Diesmal wurde praktisch jede Szene aus dem Ölprinzen verwendet. Zwar wurden da auch gewisse Änderungen mit dem Personal gemacht (Szene Riesenochsenfrosch mit Kantor Hampel statt Hobble Frank). Aber dies ist absolut legitim und stört nicht. Erfreulich, dass der Hobble-Frank und die Tante Droll in den Kostümen von Shatterhand und Winnetou auftreten durften, genau wie in der Buchvorlage! Die Schauspieler konnten die meisten in diesem Jahr überzeugen. Auch wurden diesmal nicht total unnötige Figuren in die Story eingefügt und die zusätzlichen Kinderrollen waren sehr erfrischend.
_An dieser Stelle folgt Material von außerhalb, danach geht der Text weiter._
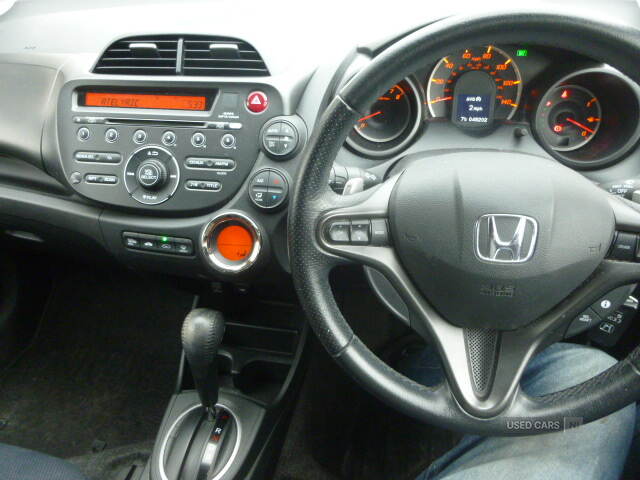 2014 Honda Jazz 1.4l VTEC ES Plus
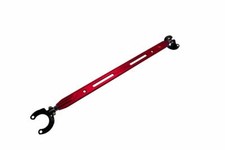 MEGAN FRONT UPPER STRUT TOWER BAR FOR 90-97 HONDA ACCORD 2DR/4DR - RED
Bei den Kampfszenen ist, wenn man mit anderen Bühnen vergleicht noch Luft nach oben, aber sicherlich besser als letztes Jahr.

Zu Tom Volkers als Winnetou kann man sagen, dass er seine Rolle gut und routiniert spielte, jedoch ist er für meinen Geschmack etwas über seinem Zenit angelangt. Ein Winnetou, der zwar versucht ohne Steigbügel aufs Pferd zu steigen ist zwar wunderbar, aber es wirkt etwas beschämend, wenn er mit viel Mühe sich aufs Pferd ziehen muss. Da lob ich mir Matthias M. von Dasing oder Michael Berndt-Cananá in Rathen, bei denen es aussieht, wie man es sich von einem Indianer vorstellt. Drum bitte auf solches Aufsteigen verzichten oder einem jüngeren Winnetou Platz machen. Richard Bucher als Old Shatterhand zeigte sich wohltuend charmant, sympathisch und zurückhaltend (nicht wie der besserwisserische Shatterhand in den Büchern). Dass Richard Bucher vor dieser Rolle erst zweimal auf einem Pferd gesessen ist, fällt nicht auf und gebührt grossen Respekt vor seiner Leistung.
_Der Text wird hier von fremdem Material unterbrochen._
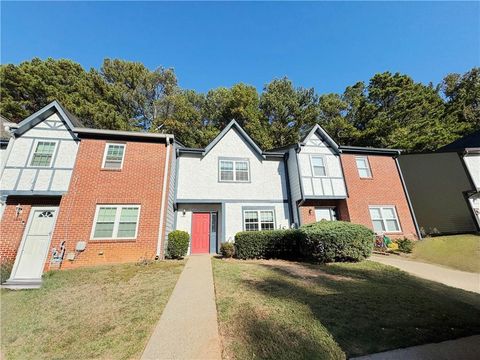 A home in Marietta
Der Ölprinz, dargestellt durch Philipp Lüscher, hatte zwar nicht so eine enorme Präsenz wie Sven Furrer vor 2 Jahren als Santer, aber in seinem Spiel konnte man die Verschlagenheit und Hinterlist gut herausfühlen und das Zusammenspiel mit seinem Halbbruder Buttler (Yves Vaucher) war absolut glaubwürdig.

Gewohnt lustig und trotzdem nicht clownesk Sam Hawkens alias David Mattäus Zurbuchen. Jedoch wurde ihm in diesem Jahr durch die Frau Rosalie Ebersbach (hervorragend Jasmin Clamor) und dem Hobble-Frank (Martin Kaufmann) der Rang abgelaufen, welche beide mit sächischem Dialekt immer wieder für Unterhaltung sorgten. Weiter ist auch noch Christoph Wettstein in der Doppelrolle als Ko Maku und Mokaschi zu erwähnen, welcher mit seiner tragenden Stimme die beiden unterschiedlichen Häuptlinge überzeugend darstellte und auch für Lacher sorgte, als er seine beiden Töchter für ihre Vorwitzigkeit sehr konservativ zurechtwies. Auch die anderen Rollen sind sehr gut besetzt. Alle zu erwähnen, würde zu weit führen.

In Engelberg ist mit dieser Aufführung ein zartes Pflänzlein gewachsen. Aber wie hat sich auch Karl May einmal so schön ausgedrückt, keine Rose ohne Dornen.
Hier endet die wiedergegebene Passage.